In October, the Bolsheviks seized power in the name of worker and soldier councils, or soviets. Their first decrees were mostly popular, such as proclaiming an end to the war, approving peasant seizures of land, establishing an eight-hour working day, and granting self-determination to national minorities. Yet the Bolsheviks soon created a one-party dictatorship and a secret police with expansive powers (the Cheka). They also nationalized all banks, other large businesses, financial securities, and urban real estate. In March 1918, they had bought Russia’s exit from the war in exchange for one-third of its European territory, which was handed over to Germany (but Russia got most of it back when the war ended in November). In May, committees of the poor were tasked with seizing grain from the peasantry. Inevitably, a civil war broke out, with the Bolsheviks against most of the country. During the civil war, trading grain and other foodstuffs, instead of handing them over to the government at low fixed prices, became a crime punishable by death. Free enterprise and buying and selling goods on the free market were also outlawed. Such policies were known as “war communism.”

Thanks to superior military organization, unified political and military leadership, control of the country’s heartland and major lines of communication and transportation, a more compelling vision of the future, and the fear of most peasants that the anti-Bolshevik coalition might return private estates to the landlords, by early 1920 the Bolsheviks had won the civil war.

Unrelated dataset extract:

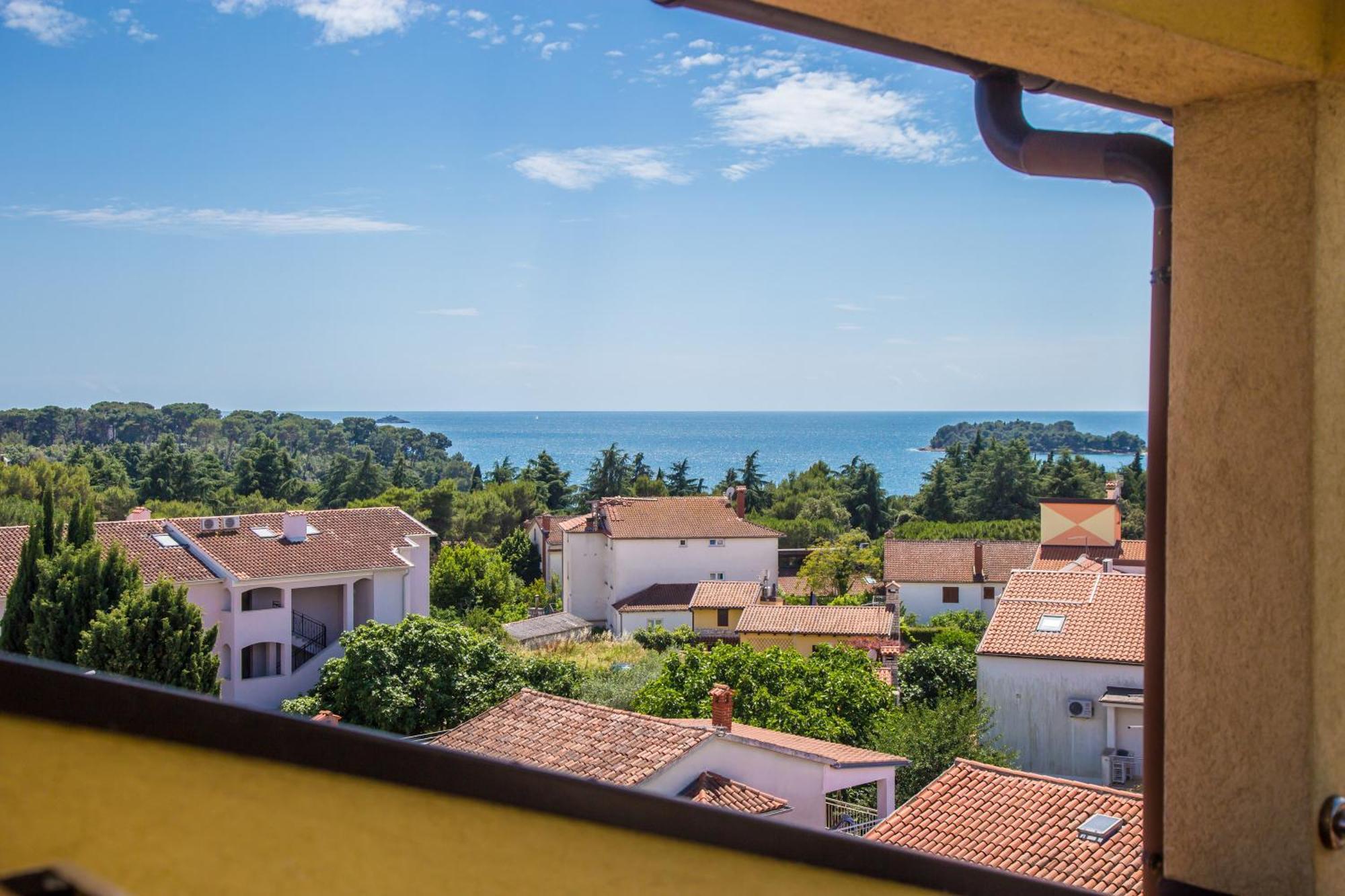 Villa Monsena โรวีน ภายนอก รูปภาพ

The country, however, lay in ruins. Industrial output had fallen to one-fifth of the prewar level, steel and iron manufacture to 3 percent. Major cities had lost half or more of the population. Livestock production had collapsed. The number of draft animals had fallen by a third. Peasant uprisings multiplied across the country. In early 1921, factory workers struck in Petrograd; sailors at the nearby fortress of Kronstadt rebelled. The Communist authorities supplied the workers with more food and clothing and crushed the rebellion with heavy firepower. Lenin also convinced his colleagues to “retreat on the economic front” by stopping grain confiscations and decriminalizing the retail trade in agricultural and other products. The retreat was to be temporary, because for Marxists not only private property but also free economic exchange had to be eradicated to build socialism.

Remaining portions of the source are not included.